The company jumped as much as 9.9 percent, the most since Sept. 17, and was up 6.4 percent at 10.93 kroner by 11:55 a.m. in Oslo. About 8.7 million shares have been traded today, almost four-times the average daily volume in the past three months.
DNO’s latest find, at the deep Tawke-17 well in Kurdistan, tested at 1,500 barrels a day, the company said in a statement today. The find, more than 200 meters below the main field reservoir, “likely bumps recoverable reserves on the Tawke license to the one billion barrel mark,” Chairman Bijan Mossavar-Rahmani said.
The Norwegian oil producer also said Tawke-20, its first horizontal well at the field, flowed at an average of 8,000 barrels a day from each of the first four of 10 fractured corridors.

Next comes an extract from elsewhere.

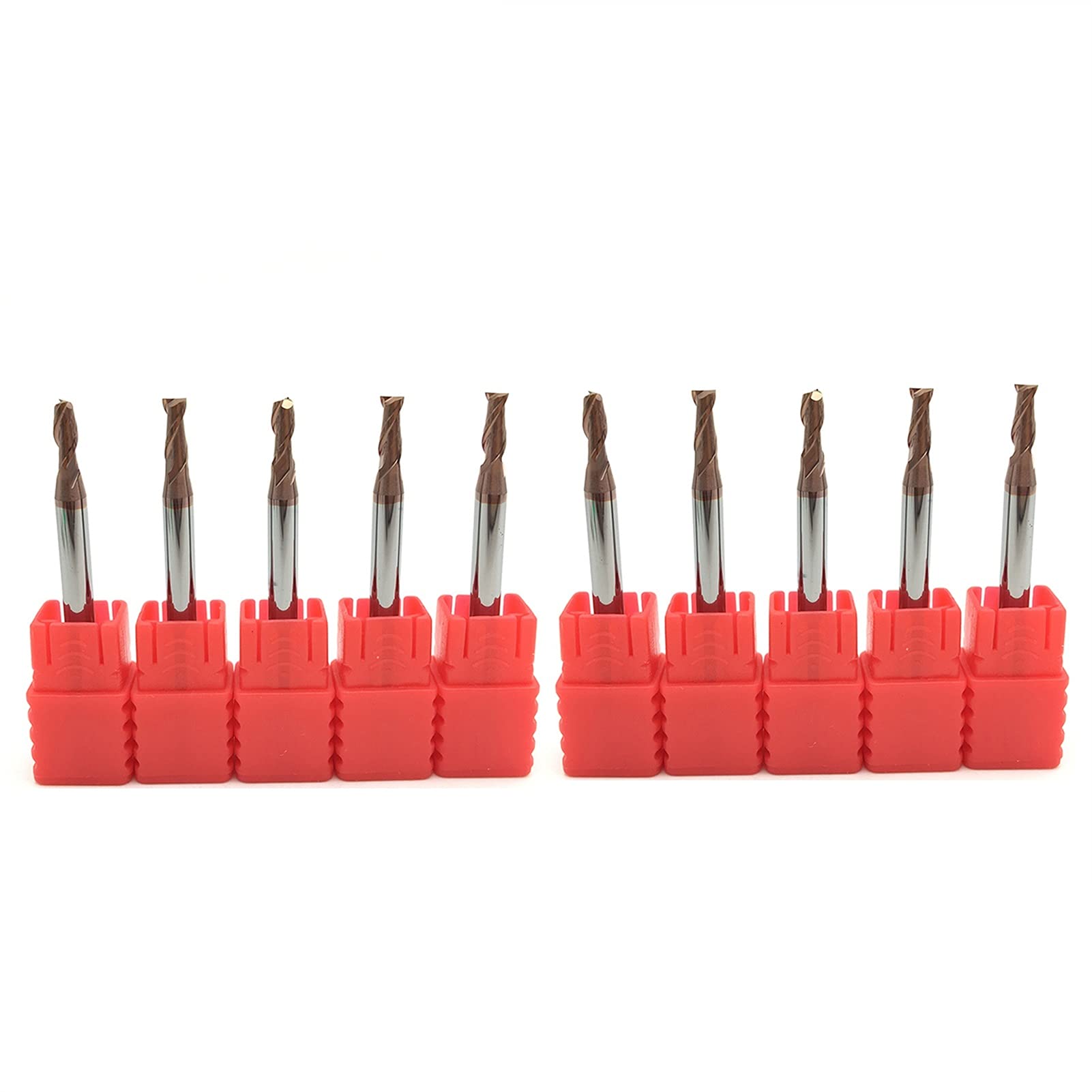 2FLUTES HRC55 FILL MILL 3.0 / 4D / 50L 1pcs 5pcs 10 unids Acero de tungsteno Soild Carbide Endmills Herramienta de corte CNC Mercado Cortador de fresado Fresas de mango JIYAMI'EN EL (Size : 10PCS, C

If a second well, Tawke-23, backs up the results of Tawke-20, DNO will “consider further enhancements to our current target of 200,000 barrels a day of production capacity by 2015,” the company said.
“Our valuation of the field increases from 10 kroner per share to well above 13 kroner per share using a conservative 75 percent risking due to the political climate in Iraq,” ABG Sundal Collier Holdings analyst Anders Holte said in a note.

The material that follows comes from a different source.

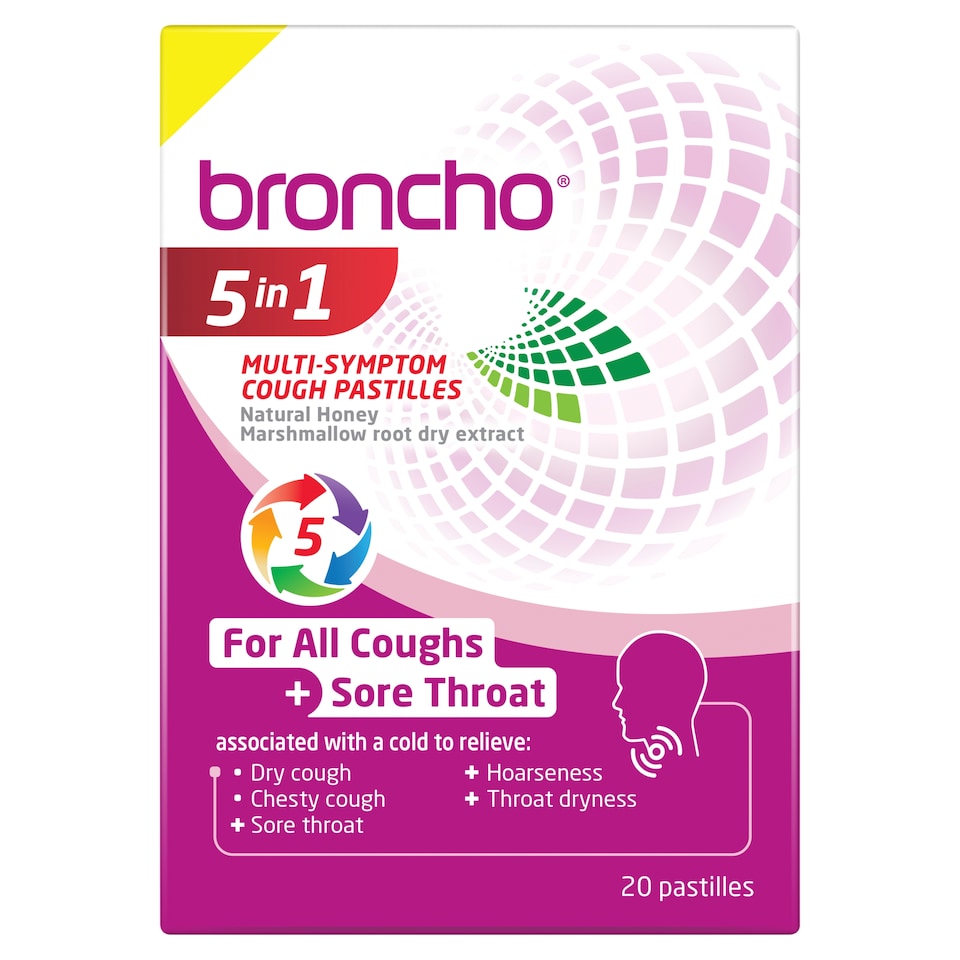 Broncho 5 in 1 Multi Symptom Cough 20 Pastilles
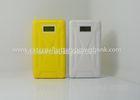 Smart Phone 12000mah 18650 battery Dual USB Power Bank Output 5V 1A / 2A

DNO, the first foreign company to drill for oil in Iraq after the U.S.-led invasion in 2003, has been caught in a conflict between the semi-autonomous Kurdistan Regional Government and central Iraqi authorities over oil revenue sharing, production contracts and land.
While ABG expects DNO shares to gain “materially today,” the “positive reaction might be held back by the lack of visibility on payment mechanism for crude oil exported out of Kurdistan,” Holte wrote.
DNO International is the operator of Tawke with a 55 percent stake. Genel Energy Plc has 25 percent, and the Kurdistan Regional Government the remaining 20 percent.
“While the discovery and likely reserve upside at Tawke was partly expected by the market, the indication of a higher 2015 production target is new, and we expect to see a significant positive share price reaction today,” Pareto Securities AS said in a note. “We reiterate our buy recommendation on DNO.”
Shares in the company, which have gained 44 percent during the last 12 months, have been supported by reports that oil majors including Chevron Corp. and Total SA are looking to buy assets in Kurdistan. The region has potential reserves of 45 billion barrels of oil and 3 trillion to 6 trillion cubic meters of gas, according to the regional government.
Although the current problems with exports means “little immediate earnings impact is foreseen” as a result of the latest find at Tawke, it “raises the value of DNO as a potential M&A target,” Nordea Markets said in a report today.